Mr Dunne says Northam is not discounting “any possibilities just yet”. But with an eye on mechanised mining he says “you may find it difficult to see relative value that favours the older mine, without being conclusive on the issue”.
That would suggest Amplats’ high-profile Rustenburg operations are less likely to appeal to Northam. But Aquarius’s Everest mine, which is mechanised and lies close to Booysendal in the eastern limb of the Bushveld Complex — the world’s richest resource of platinum — would appear a suitable fit.
“This area is a good mining area, and it’s an area where we can apply mechanised mining in a shallow ore base . . . there are opportunities for consolidation,” Mr Dunne says. “Amplats is certainly the most high-profile and potential asset sales, but there certainly are others that are available.”
Northam is also likely to expand the Booysendal with a second shaft, Mr Dunne says.
The company’s growth plans come at a time when the platinum price is trading at five-year lows, hovering around $1,220 an ounce.

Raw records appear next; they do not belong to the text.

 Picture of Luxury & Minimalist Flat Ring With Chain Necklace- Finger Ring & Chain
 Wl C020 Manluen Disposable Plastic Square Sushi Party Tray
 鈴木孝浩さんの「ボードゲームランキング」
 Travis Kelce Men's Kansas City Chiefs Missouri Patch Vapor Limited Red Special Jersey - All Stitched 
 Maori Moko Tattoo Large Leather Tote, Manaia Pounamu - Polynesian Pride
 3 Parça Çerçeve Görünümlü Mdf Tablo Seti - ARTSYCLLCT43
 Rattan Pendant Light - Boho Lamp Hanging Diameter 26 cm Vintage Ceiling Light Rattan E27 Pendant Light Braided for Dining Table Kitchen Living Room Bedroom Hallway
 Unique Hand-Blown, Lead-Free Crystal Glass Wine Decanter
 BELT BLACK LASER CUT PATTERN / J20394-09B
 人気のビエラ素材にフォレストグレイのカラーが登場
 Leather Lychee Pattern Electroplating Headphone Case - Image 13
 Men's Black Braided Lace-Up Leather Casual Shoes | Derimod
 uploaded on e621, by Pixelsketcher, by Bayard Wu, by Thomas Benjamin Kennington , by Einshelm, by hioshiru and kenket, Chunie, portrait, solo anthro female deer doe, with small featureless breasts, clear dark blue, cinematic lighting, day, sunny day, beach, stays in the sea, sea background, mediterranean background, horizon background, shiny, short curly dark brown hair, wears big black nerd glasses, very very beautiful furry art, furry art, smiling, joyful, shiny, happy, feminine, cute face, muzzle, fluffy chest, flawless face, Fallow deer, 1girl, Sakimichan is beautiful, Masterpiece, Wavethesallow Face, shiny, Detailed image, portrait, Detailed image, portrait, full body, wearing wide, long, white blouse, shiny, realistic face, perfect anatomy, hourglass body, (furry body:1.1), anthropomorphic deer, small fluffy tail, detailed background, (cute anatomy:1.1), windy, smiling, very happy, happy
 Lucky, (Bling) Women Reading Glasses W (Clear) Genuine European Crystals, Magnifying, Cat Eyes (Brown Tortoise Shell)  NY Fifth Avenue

But Mr Dunne believes the commodity cycle is close to the bottom. He is confident that labour unrest will not continue at the levels that have dogged the industry for the past two years.
But he also acknowledges that the company’s wage talks with workers next year will be critical. In 2013, Northam endured an 11-week salary strike.
“All parties have realised that that’s an absolutely untenable situation, and must be avoided going forward. I think it will be, to be honest,” Mr Dunne says. “I think attitudes have probably, I use the word softened, on all sides.”
Northam’s two assets
A comparison of Northam’s two assets highlights the differences between conventional and mechanised mining.
Booysendal will produce 160,000 ounces of platinum group metals next year with a workforce of about 1,200 but the older, deeper, conventional Zondereinde mine produces 300,000 PGM ounces with about 9,000 workers.
At the new mine, almost half the miners have high school certificates and 61 per cent come from local areas. The working language is English rather than the pidgin Fanagalo used widely in South African mines.
The belief is a smaller, better educated workforce lessens the risk of labour strife and offers a better chance of higher productivity — a serious concern as productivity falls. Mechanised mining is considered safer— another important issue in South Africa where there were 93 mining fatalities last year.
Production costs at Booysendal are expected to be about 20 per cent lower than Zondereinde, the world’s deepest platinum mine. Labour accounts for about 45 per cent of production costs at Booysendal, but 50-60 per cent at conventional mines. Productivity is also higher with blasting more frequent at the mechanised mine.
“It’s nice to stand up straight,” says Willem Boshoff, a team supervisor at Booysendal. “It’s much easier.”